La rentrée littéraire hivernale 2006

Sous le titre « Avalanche littéraire », La République internationale des Lettres introduit à la rentrée littéraire hivernale : « Le phénomène est bien connu : plus le marché du livre est morose, plus les maisons d’édition publient de livres. C’est encore le constat que l’on peut faire en ce début d’année 2006, où plus de 600 nouveaux titres viennent chasser des librairies la même quantité approximative de livres sortis le trimestre dernier. Vite publiés, vite jetés. » (Source).

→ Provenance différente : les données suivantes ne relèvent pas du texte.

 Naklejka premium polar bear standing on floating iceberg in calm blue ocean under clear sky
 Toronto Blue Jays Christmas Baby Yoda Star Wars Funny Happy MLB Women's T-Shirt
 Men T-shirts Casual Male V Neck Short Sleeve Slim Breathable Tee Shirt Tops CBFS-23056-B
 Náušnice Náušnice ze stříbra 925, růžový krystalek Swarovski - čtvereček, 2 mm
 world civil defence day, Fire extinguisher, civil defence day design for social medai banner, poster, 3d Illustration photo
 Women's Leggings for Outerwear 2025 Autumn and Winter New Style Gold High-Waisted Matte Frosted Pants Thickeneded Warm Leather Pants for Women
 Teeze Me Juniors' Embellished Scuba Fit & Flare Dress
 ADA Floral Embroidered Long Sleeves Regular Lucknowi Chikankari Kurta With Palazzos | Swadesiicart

Autrement dit, si vous n’avez pas visité votre librairie de quartier ou celle d’une grande chaîne au cours des trois derniers mois, vous venez de manquer des centaines de nouveaux titres de la rentrée littéraire de l’automne dernier. Et il en sera ainsi si vous n’allez pas en librairie d’ici la prochaine rentrée littéraire, celle du printemps. En fait, la durée de vie d’un nouveau livre en librairie n’est plus que de trois mois. Dès qu’un livre ne rencontre pas les objectifs de vente pour rentabiliser sa place en tablettes, il est illico presto renvoyé à l’éditeur.

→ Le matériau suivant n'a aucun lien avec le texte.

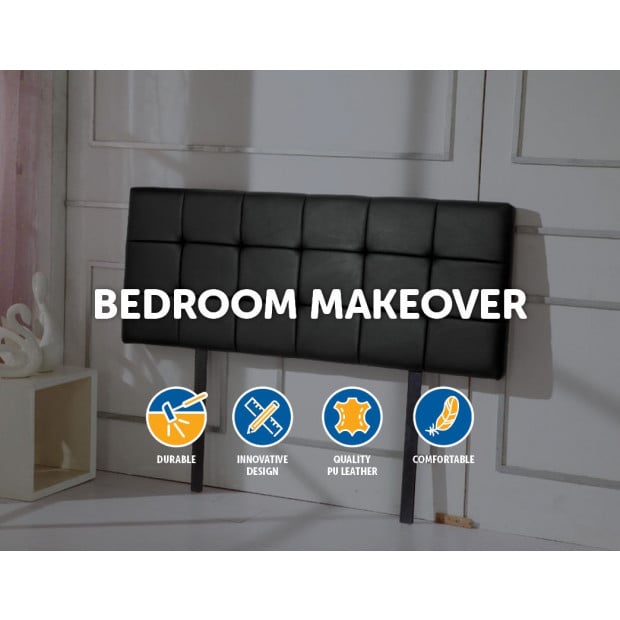 Pu Leather Double Bed Deluxe Headboard Bedhead - Black Image 3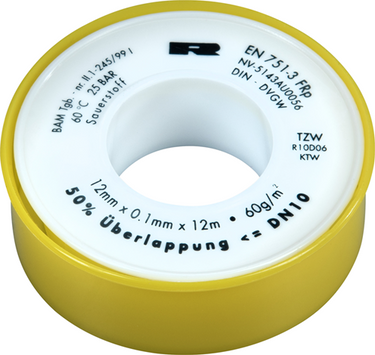 Cornat teflon lint 12x0.1mm (12m) gas - t380700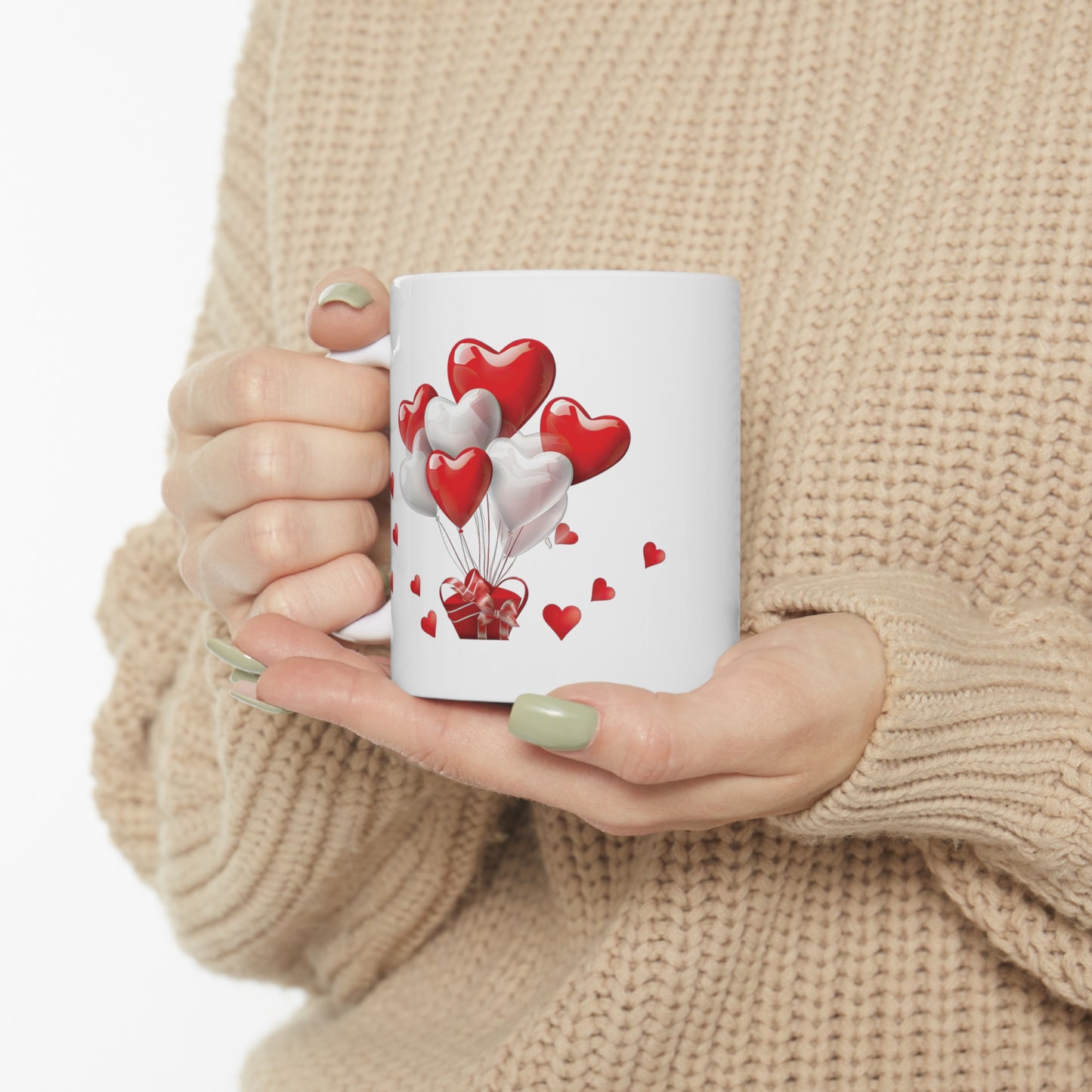 Valentine's Heart Basket: Ceramic Mug 11oz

Le marché du livre est complètement saturé, une situation marketing typique du cycle de vie d’un produit, connue sous le nom « Phase 3 : la maturité du marché ». « L’écoulement du produit atteint la saturation. Le marché potentiel a été satisfait et, à présent, seule la demande de remplacement offre quelques possibilités. La pression des concurrents devient très forte, car sont entrés sur le marché de nouveaux producteurs qui n’ont pas subi les coûts de démarrage ; ces rivaux profitent des améliorations techniques et peuvent donc offrir des prix relativement bas. »

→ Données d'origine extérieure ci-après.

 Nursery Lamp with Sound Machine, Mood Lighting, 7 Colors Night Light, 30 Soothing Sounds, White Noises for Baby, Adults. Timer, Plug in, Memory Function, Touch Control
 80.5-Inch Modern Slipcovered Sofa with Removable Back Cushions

Il semble que le marché du livre ne connaîtra pas la phase suivante à court terme, celle du déclin du marché : « Le produit est devenu vieux et ses ventes déclinent. Les capacités de production sont sous-utilisées. C’est l’époque du désinvestissement et de la reconversion. ». En effet, le support gouvernemental (prix unique et subventions directes) et la conquête des marchés étrangers (exportation et achat d’entreprises) retardent un tant soit peu le déclin du marché du livre. En réalité, on passe de la saturation des marchés nationaux industrialisés à une saturation mondiale du marché du livre. Il ne reste plus que quelques enclaves du marché du livre à développer sur la planète. L’intérêt pour celui du Maroc est un bel exemple. Mais les développeurs étrangers de ces enclaves ne perdront pas leurs habitudes. Ils produiront en masse, et satureront encore plus vite qu’en leur propre pays les marchés restants.

Pour l’heure, l’attrait de ces développements est irrésistible pour les pays dont le marché du livre est sous-développé, mais ces derniers ne savent pas vraiment à quoi ils s’exposent. Car il s’agit ici, ni plus ni moins, que d’une colonisation de leur marché du livre. Ils en perdront vite le contrôle, tant sur le plan financier que sur le plan éditorial. Ils se trouveront donc dans la même situation que les marchés actuels déjà saturés : refus de plus de 90% des manuscrits soumis par les auteurs aux éditeurs, durée de vie en tablette ne dépassant pas les trois mois. Le rêve d’une industrie du livre bien développée, calquée sur les marchés déjà saturés, tournera au cauchemar. Les nouveautés ne se vendant pas suffisamment, on dira d’abord que les gens ne lisent pas assez. Puis on se rendra compte de la saturation du marché, en se demandant s’il y a trop de livres.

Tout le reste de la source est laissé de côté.